Copy exactly the stretch of data below from the line with "Maison à vendre, 190m², Vaison-la-Romaine" through the line with "Industrial Wooden Pallets", including both of those lines.

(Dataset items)
* * *

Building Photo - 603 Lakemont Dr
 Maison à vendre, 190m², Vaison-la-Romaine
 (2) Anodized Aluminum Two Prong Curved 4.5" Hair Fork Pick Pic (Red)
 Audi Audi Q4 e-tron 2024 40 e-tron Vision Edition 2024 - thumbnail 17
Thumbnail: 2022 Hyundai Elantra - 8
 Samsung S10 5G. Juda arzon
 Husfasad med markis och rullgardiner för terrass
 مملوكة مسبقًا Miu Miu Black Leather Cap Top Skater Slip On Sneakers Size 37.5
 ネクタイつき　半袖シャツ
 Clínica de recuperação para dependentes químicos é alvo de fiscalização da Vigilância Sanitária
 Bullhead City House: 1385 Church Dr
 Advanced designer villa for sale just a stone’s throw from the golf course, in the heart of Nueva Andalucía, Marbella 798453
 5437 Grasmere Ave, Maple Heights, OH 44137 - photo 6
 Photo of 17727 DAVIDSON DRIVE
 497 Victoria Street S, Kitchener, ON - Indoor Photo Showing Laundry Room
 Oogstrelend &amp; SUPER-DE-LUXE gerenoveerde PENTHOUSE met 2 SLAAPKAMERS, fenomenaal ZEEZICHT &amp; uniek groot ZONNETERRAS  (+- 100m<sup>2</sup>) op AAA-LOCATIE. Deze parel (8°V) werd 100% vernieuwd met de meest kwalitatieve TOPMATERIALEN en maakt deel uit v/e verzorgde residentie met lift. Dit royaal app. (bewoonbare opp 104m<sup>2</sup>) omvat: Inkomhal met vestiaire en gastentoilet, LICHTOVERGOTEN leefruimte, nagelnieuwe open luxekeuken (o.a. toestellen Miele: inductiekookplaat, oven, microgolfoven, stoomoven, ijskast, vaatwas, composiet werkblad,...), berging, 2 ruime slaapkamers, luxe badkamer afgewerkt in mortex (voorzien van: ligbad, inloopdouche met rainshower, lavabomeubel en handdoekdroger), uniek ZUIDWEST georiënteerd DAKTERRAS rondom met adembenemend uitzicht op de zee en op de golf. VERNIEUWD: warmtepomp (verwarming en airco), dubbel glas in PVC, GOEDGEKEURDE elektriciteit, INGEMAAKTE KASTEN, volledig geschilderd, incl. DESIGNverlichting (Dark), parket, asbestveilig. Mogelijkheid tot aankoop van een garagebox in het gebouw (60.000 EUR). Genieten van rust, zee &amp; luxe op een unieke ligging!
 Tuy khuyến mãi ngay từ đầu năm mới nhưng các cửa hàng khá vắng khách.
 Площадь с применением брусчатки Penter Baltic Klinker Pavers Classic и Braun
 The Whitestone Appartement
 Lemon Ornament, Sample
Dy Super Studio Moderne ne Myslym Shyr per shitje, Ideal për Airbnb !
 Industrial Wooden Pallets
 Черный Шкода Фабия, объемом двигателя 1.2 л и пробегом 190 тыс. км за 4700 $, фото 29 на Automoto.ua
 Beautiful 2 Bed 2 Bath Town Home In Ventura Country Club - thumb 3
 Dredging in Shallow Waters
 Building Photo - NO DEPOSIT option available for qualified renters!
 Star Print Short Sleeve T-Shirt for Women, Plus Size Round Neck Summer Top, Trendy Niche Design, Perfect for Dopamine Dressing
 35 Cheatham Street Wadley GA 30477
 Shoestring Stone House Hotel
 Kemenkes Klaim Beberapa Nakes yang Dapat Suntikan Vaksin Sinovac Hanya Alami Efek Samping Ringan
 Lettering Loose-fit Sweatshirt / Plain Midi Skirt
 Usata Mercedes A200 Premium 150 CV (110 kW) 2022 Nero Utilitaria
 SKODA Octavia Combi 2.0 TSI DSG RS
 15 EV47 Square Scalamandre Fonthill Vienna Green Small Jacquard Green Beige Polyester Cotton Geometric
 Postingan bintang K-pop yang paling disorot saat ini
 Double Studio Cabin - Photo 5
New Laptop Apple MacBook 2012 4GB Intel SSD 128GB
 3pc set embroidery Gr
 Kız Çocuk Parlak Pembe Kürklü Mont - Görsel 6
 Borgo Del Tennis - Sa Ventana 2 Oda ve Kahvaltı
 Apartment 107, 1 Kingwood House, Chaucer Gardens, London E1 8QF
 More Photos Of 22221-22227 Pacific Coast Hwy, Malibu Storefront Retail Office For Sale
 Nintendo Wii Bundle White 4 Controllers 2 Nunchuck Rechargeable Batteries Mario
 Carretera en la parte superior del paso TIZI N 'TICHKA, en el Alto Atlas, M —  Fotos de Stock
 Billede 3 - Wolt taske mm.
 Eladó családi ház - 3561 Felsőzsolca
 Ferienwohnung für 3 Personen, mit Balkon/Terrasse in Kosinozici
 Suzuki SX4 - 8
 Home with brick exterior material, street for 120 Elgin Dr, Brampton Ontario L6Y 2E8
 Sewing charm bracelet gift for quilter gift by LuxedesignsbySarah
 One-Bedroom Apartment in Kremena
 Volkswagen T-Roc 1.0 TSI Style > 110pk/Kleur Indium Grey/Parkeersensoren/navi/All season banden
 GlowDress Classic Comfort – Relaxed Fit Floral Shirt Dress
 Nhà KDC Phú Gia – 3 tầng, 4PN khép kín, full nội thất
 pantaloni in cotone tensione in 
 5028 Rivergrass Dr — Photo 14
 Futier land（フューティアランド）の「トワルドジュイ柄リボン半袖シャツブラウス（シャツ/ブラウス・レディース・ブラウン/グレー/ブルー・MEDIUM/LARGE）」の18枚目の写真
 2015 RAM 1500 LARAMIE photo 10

* * *

Finished task:
 Maison à vendre, 190m², Vaison-la-Romaine
 (2) Anodized Aluminum Two Prong Curved 4.5" Hair Fork Pick Pic (Red)
 Audi Audi Q4 e-tron 2024 40 e-tron Vision Edition 2024 - thumbnail 17
Thumbnail: 2022 Hyundai Elantra - 8
 Samsung S10 5G. Juda arzon
 Husfasad med markis och rullgardiner för terrass
 مملوكة مسبقًا Miu Miu Black Leather Cap Top Skater Slip On Sneakers Size 37.5
 ネクタイつき　半袖シャツ
 Clínica de recuperação para dependentes químicos é alvo de fiscalização da Vigilância Sanitária
 Bullhead City House: 1385 Church Dr
 Advanced designer villa for sale just a stone’s throw from the golf course, in the heart of Nueva Andalucía, Marbella 798453
 5437 Grasmere Ave, Maple Heights, OH 44137 - photo 6
 Photo of 17727 DAVIDSON DRIVE
 497 Victoria Street S, Kitchener, ON - Indoor Photo Showing Laundry Room
 Oogstrelend &amp; SUPER-DE-LUXE gerenoveerde PENTHOUSE met 2 SLAAPKAMERS, fenomenaal ZEEZICHT &amp; uniek groot ZONNETERRAS  (+- 100m<sup>2</sup>) op AAA-LOCATIE. Deze parel (8°V) werd 100% vernieuwd met de meest kwalitatieve TOPMATERIALEN en maakt deel uit v/e verzorgde residentie met lift. Dit royaal app. (bewoonbare opp 104m<sup>2</sup>) omvat: Inkomhal met vestiaire en gastentoilet, LICHTOVERGOTEN leefruimte, nagelnieuwe open luxekeuken (o.a. toestellen Miele: inductiekookplaat, oven, microgolfoven, stoomoven, ijskast, vaatwas, composiet werkblad,...), berging, 2 ruime slaapkamers, luxe badkamer afgewerkt in mortex (voorzien van: ligbad, inloopdouche met rainshower, lavabomeubel en handdoekdroger), uniek ZUIDWEST georiënteerd DAKTERRAS rondom met adembenemend uitzicht op de zee en op de golf. VERNIEUWD: warmtepomp (verwarming en airco), dubbel glas in PVC, GOEDGEKEURDE elektriciteit, INGEMAAKTE KASTEN, volledig geschilderd, incl. DESIGNverlichting (Dark), parket, asbestveilig. Mogelijkheid tot aankoop van een garagebox in het gebouw (60.000 EUR). Genieten van rust, zee &amp; luxe op een unieke ligging!
 Tuy khuyến mãi ngay từ đầu năm mới nhưng các cửa hàng khá vắng khách.
 Площадь с применением брусчатки Penter Baltic Klinker Pavers Classic и Braun
 The Whitestone Appartement
 Lemon Ornament, Sample
Dy Super Studio Moderne ne Myslym Shyr per shitje, Ideal për Airbnb !
 Industrial Wooden Pallets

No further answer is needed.